--- WHAT YOU WILL DO ---
Word for word, give the records again, dropping any picture they hold.
───
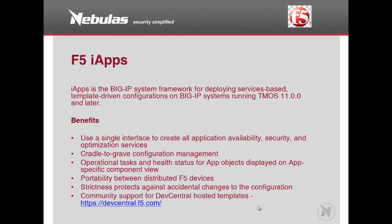There are plenty of benefits in using iApp. It provides a single pane for users to create their application and view health status, protect against accidental changes when multiple people are working on similar applications, and can easily be exported and imported into other BigIP devices. It's got massive technical support from F5 DevCentral site where users can download future iApps.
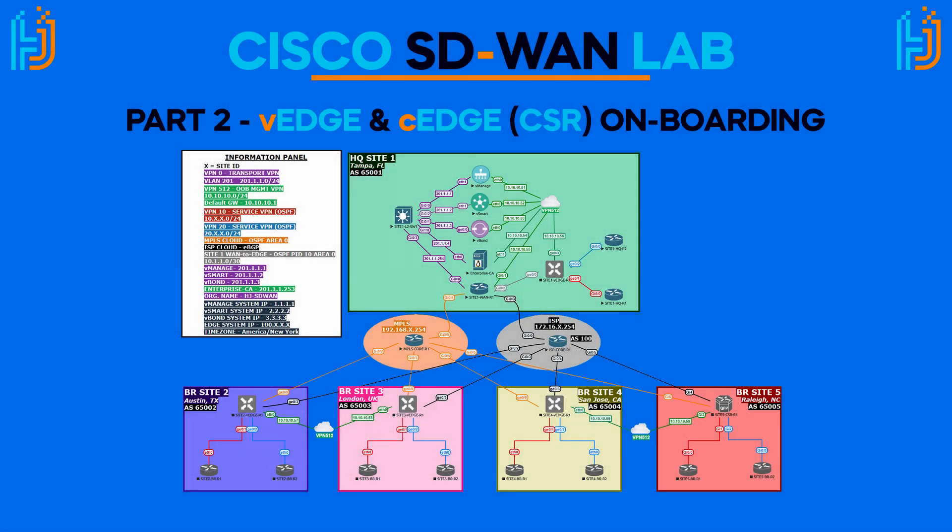Hey everyone, how's it going? My name is Hunter and welcome to today's video. Today I'm going to be demonstrating the processes of onboarding your vEdge and cEdge devices into your SD-WAN organization. But before we jump into that, I wanted to make a quick announcement and let you guys know that I've started a Discord server. You guys can all join. The link is in the description. You guys can ask me any questions related to the videos.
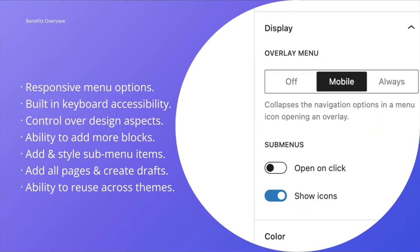You'll be able to add a wide range of blocks including search, site icon, and more. You'll be able to add sub-menu items and set the coloring for them separately to create some cool styles. You'll have the option to add all pages and create draft pages while building out your menu. Finally, you'll be able to reuse the block across themes, which I'll go into more in a bit.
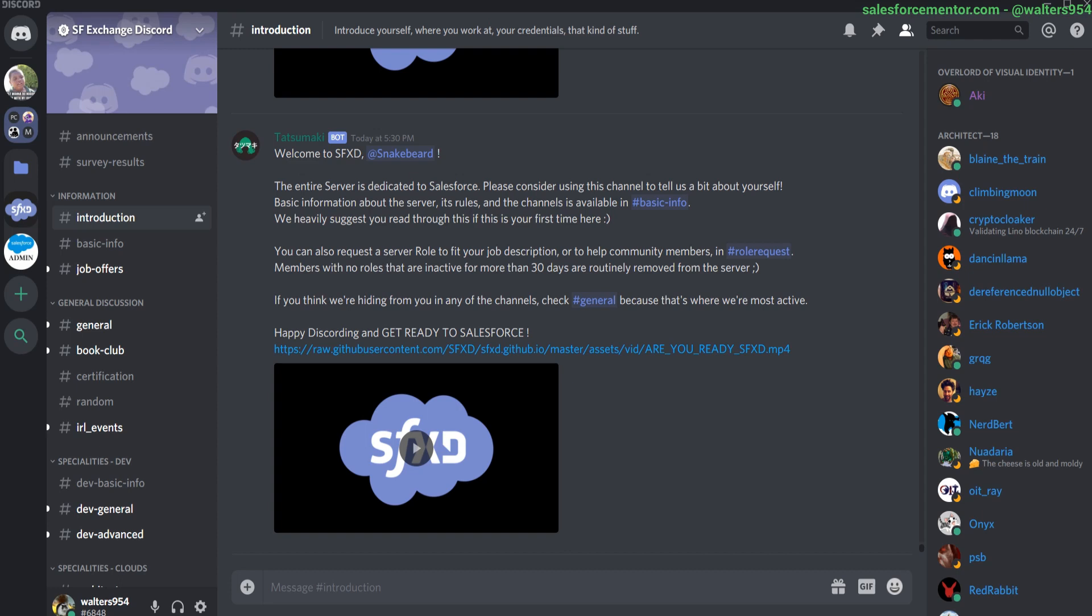Hello everybody, Walters954 here. In this video, I'm going to give you five reasons to join the Salesforce Exchange Discord.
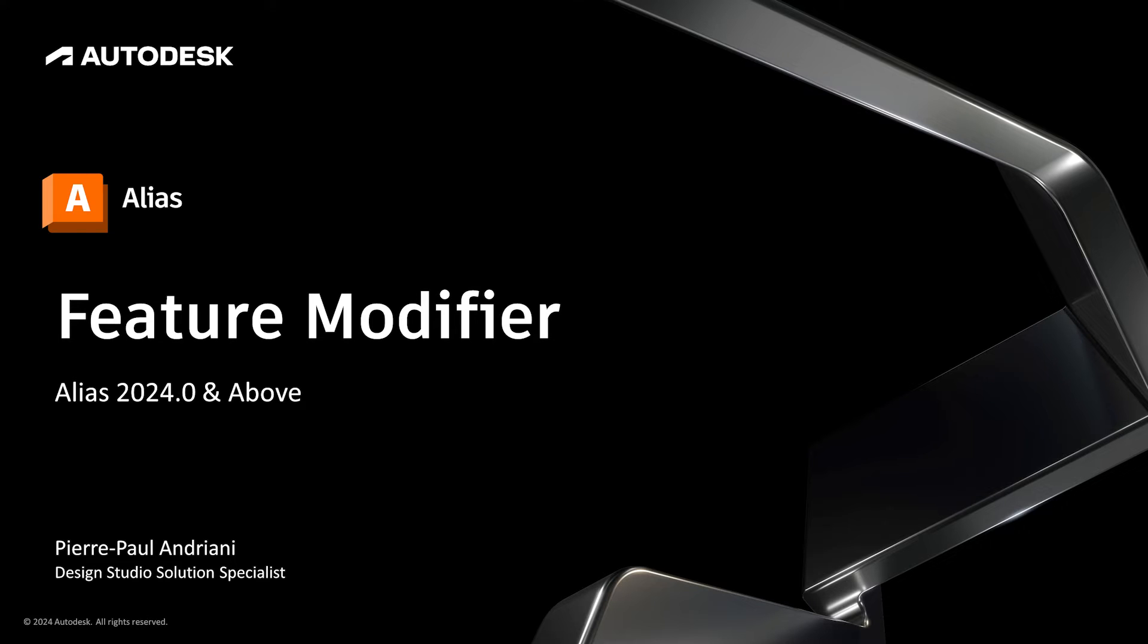Hello and welcome to my YouTube channel. My name is Pierre Andriani, Design Studio Solutions Specialist from Autodesk.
───
--- EXERCISE RESULT ---
There are plenty of benefits in using iApp. It provides a single pane for users to create their application and view health status, protect against accidental changes when multiple people are working on similar applications, and can easily be exported and imported into other BigIP devices. It's got massive technical support from F5 DevCentral site where users can download future iApps.
Hey everyone, how's it going? My name is Hunter and welcome to today's video. Today I'm going to be demonstrating the processes of onboarding your vEdge and cEdge devices into your SD-WAN organization. But before we jump into that, I wanted to make a quick announcement and let you guys know that I've started a Discord server. You guys can all join. The link is in the description. You guys can ask me any questions related to the videos.
You'll be able to add a wide range of blocks including search, site icon, and more. You'll be able to add sub-menu items and set the coloring for them separately to create some cool styles. You'll have the option to add all pages and create draft pages while building out your menu. Finally, you'll be able to reuse the block across themes, which I'll go into more in a bit.
Hello everybody, Walters954 here. In this video, I'm going to give you five reasons to join the Salesforce Exchange Discord.
Hello and welcome to my YouTube channel. My name is Pierre Andriani, Design Studio Solutions Specialist from Autodesk.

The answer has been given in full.